BOSSES at Scottish Borders Council are facing a £30 million funding gap over the next five years.

And officers are wanting to hike up council tax in a bid to balance the books.

Local authority leader Shona Haslam revealed the challenges that lie ahead during a briefing on Monday.

She said: “There is no denying it is very difficult to balance the books every year especially when we have increased demand for services, an increasing older population and services spread across such a vast rural area.

“We are currently looking at delivering savings of over £5 million every year for the next five years.

"That’s not going to be easy, so we need to consider where we spend money, how we do things differently and what we simply can’t deliver any more."

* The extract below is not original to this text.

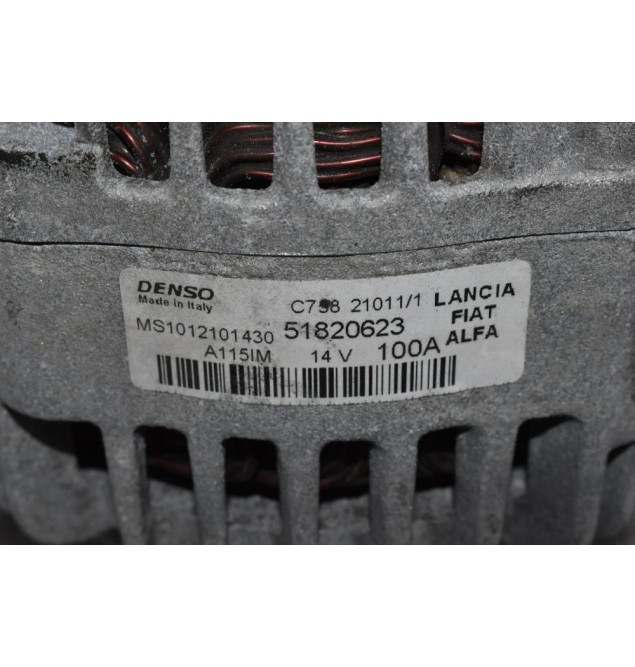 Δυναμό Fiat Doblo 1.6D Multijet 198A3000 2009-2014 51820623 100A (Μικρό Σπάσιμο Στο Πλαστικό)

SBC imposed a four percent rise in council tax payments this year to cover the cost of fixing roads and pavements as well as accelerating the replacement of Hawick High School.

But proposals being put forward suggest further three percent increases for each of the next five years

MP John Lamont told us: "The situations is so serious that council officials are pushing for council tax to rise significantly each year for the next five years."

As well as revealing the extent of savings to be made, this week's briefing was also used to launch a public consultation into spending priorities.

Between now and the end of January, a new online points simulator tool will be available for Borderers to become involved.

Councillor Haslam added: “The online tool we are launching will help us to understand where people in the Borders would like services protected in their own area, and will also help us to have ongoing conversations in communities about how we can do things differently and/or where there are opportunities for communities to play their part.

“We remain committed to delivering high quality services for all our residents, from the youngest to the oldest, as well as making the most of the opportunities that the Borders has.

" It is not all about cost cutting, it also means investing carefully and delivering a range of projects that support and enhance services, our towns and villages.”

The consultation tool gives people the chance to use sliders to allocate points according to how they prioritise services in their area.

The points available are limited like council funds.

The results of the consultation will be considered as part of the budget setting process.

Councillor Robin Tatler, who is responsible for Finance at Newtown St Boswells, added: “Given the challenges, we need to do things differently so it is vital that we get residents’ views on how where they would prioritise things that matter to them in their area. This does not necessarily mean we will put more money into these areas but it certainly means that we would consider protecting them."